In the following example, the
t_sales table is dropped and another table is altered and given the same name as the dropped table while
the parent database is being cloned, producing an error:
CREATE OR REPLACE DATABASE staging_sales CLONE sales; DROP TABLE sales.public.t_sales; ALTER TABLE sales.public.t_sales_20170522 RENAME TO sales.public.t_sales; 002002 (42710): None: SQL compilation error: Object 'T_SALES' already exists.
To avoid conflicts in name resolution during a cloning operation, we suggest refraining from renaming objects to a name previously used by a dropped object until cloning is completed.
Impact of DML and Data Retention on Cloning¶
The DATA_RETENTION_TIME_IN_DAYS parameter specifies the number of days for which Snowflake retains historical data for performing
Time Travel actions on an object. Because the data retained for Time Travel incurs storage costs at the table-level, some users set this parameter
0 for some tables, effectively disabling data retention for these tables (i.e. when the value is set to
0, Time Travel data
retained for DML transactions is purged, incurring negligible additional storage costs).
Cloning operations require time to complete, particularly for large tables. During this period, DML transactions can alter the data in a source
table. Subsequently, Snowflake attempts to clone the table data as it existed when the operation began. However, if data is purged for DML
transactions that occur during cloning (because the retention time for the table is
0), the data is unavailable to complete the operation,
producing an error similar to the following:
ProgrammingError occured: "000707 (02000): None: Data is not available." with query id None
As a workaround, we recommend either of the following best practices when cloning an object:
Refrain, if possible, from executing DML transactions on the source object (or any of its children) until after the cloning operation completes.
If this isn’t possible, prior to starting cloning, set
DATA_RETENTION_TIME_IN_DAYS=1for all tables in the schema (or database if you are cloning an entire database). Once the operation completes, remember to reset the parameter value back to
0for those tables in the source, if desired.
You might also want to set the value to
0for the cloned tables (if you plan to make DML changes to the cloned tables and do not wish to incur additional storage costs for Time Travel on the tables).

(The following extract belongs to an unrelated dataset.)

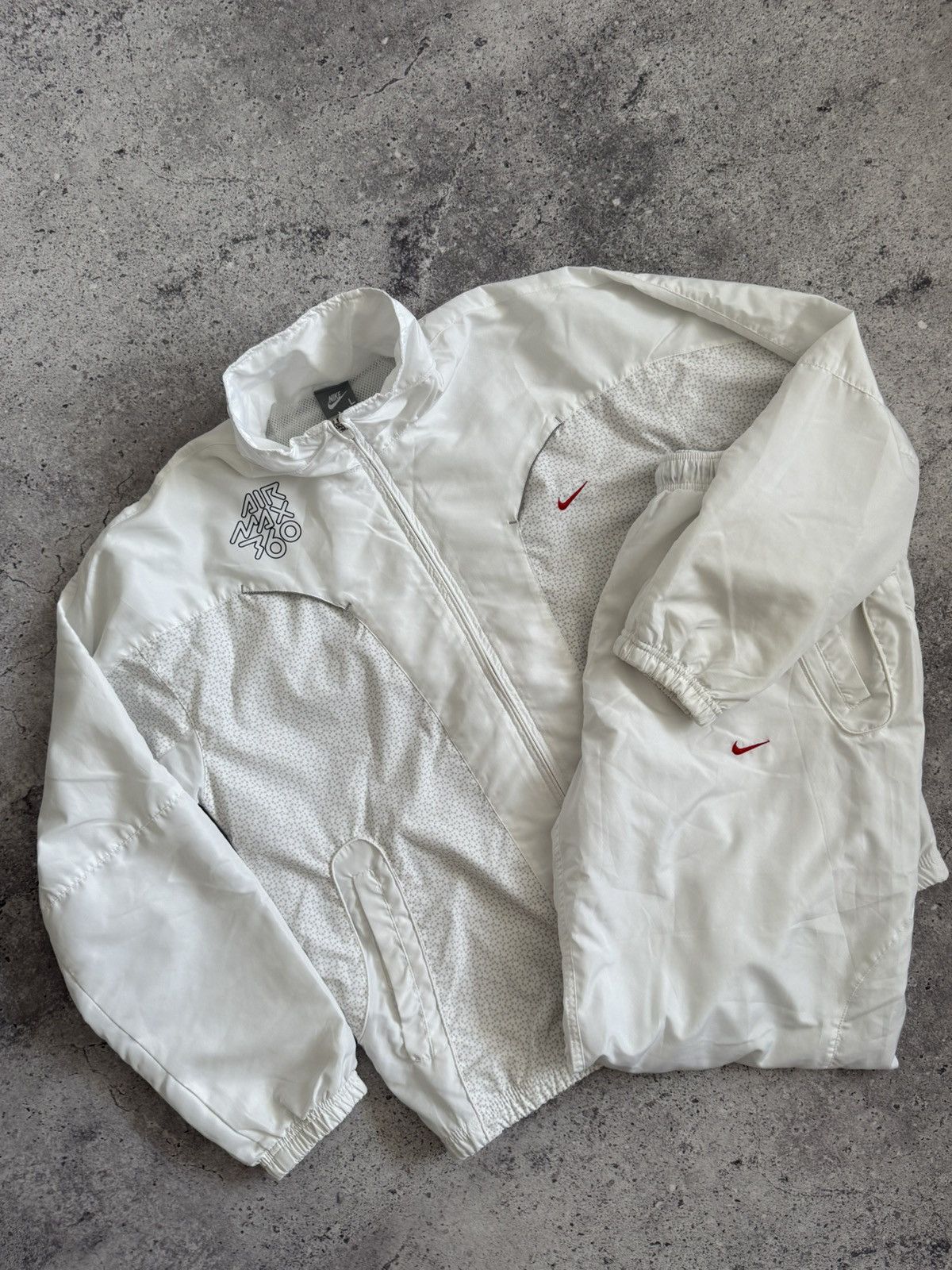 Nike Vintage Nike Air Max 360 Tracksuit White Large Men’s Size US L / EU 52-54 / 3 - 10 Thumbnail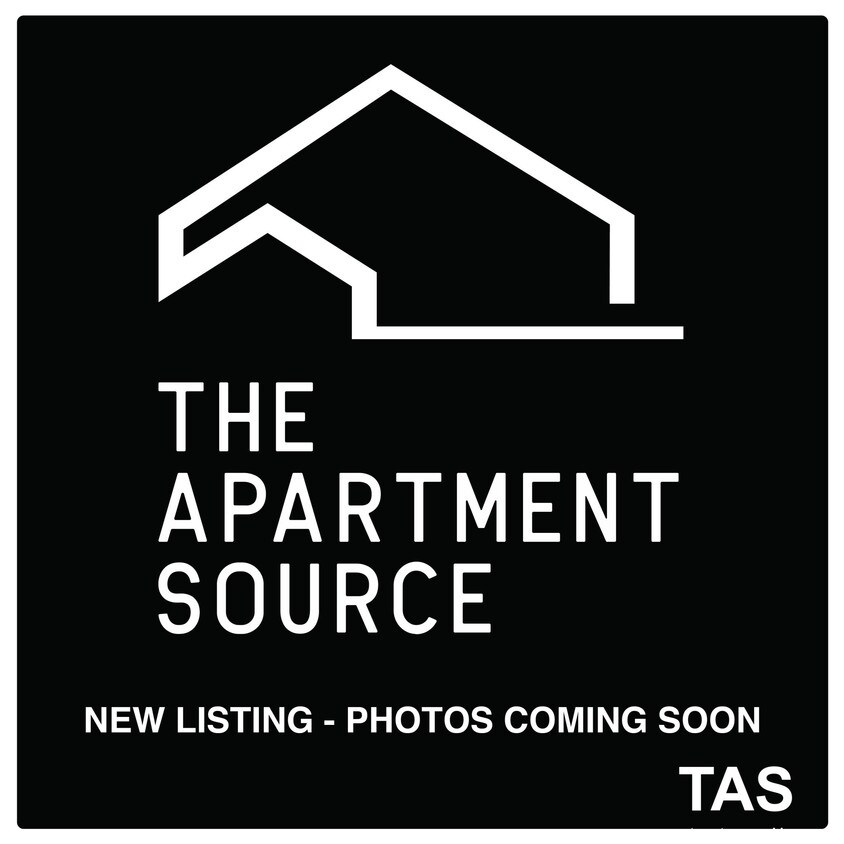 Primary Photo - 451 W Melrose St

Cloning Using Time Travel (Databases, Schemas, Tables, and Streams Only)¶
This section provides information to consider when using Time Travel to clone objects at a specific time/point in the past.
Cloning of Historical Objects¶
If the source object did not exist at the time/point set in the AT | BEFORE clause, an error is returned.
In the following example, a CREATE TABLE … CLONE statement attempts to clone the source table at a point in the past (30 minutes prior) when it didn’t exist:
CREATE TABLE t_sales (numeric integer) data_retention_time_in_days=1; CREATE OR REPLACE TABLE sales.public.t_sales_20170522 CLONE sales.public.t_sales at(offset => -60*30); 002003 (02000): SQL compilation error: Object 'SALES.PUBLIC.T_SALES' does not exist.
Any child object in a cloned database or schema that did not exist at the specified time/point is not cloned.
If a pipe object was recreated (using the CREATE OR REPLACE PIPE syntax) or dropped since the point in time specified in the AT | BEFORE clause, the cloning operation fails.
Cloning of Historical Object Metadata¶
An object clone inherits the name and structure of the source object current at the time the CREATE <object> … CLONE statement is executed or at a specified time/point in the past using Time Travel. An object clone inherits any other metadata, such as comments or table clustering keys, that is current in the source object at the time the statement is executed, regardless of whether Time Travel is used.
To ensure consistent behavior in long cloning operations, when an AT or BEFORE clause is not specified for a CREATE <object> … CLONE statement, the cloning operation internally sets the AT clause value as the timestamp when the statement was initiated.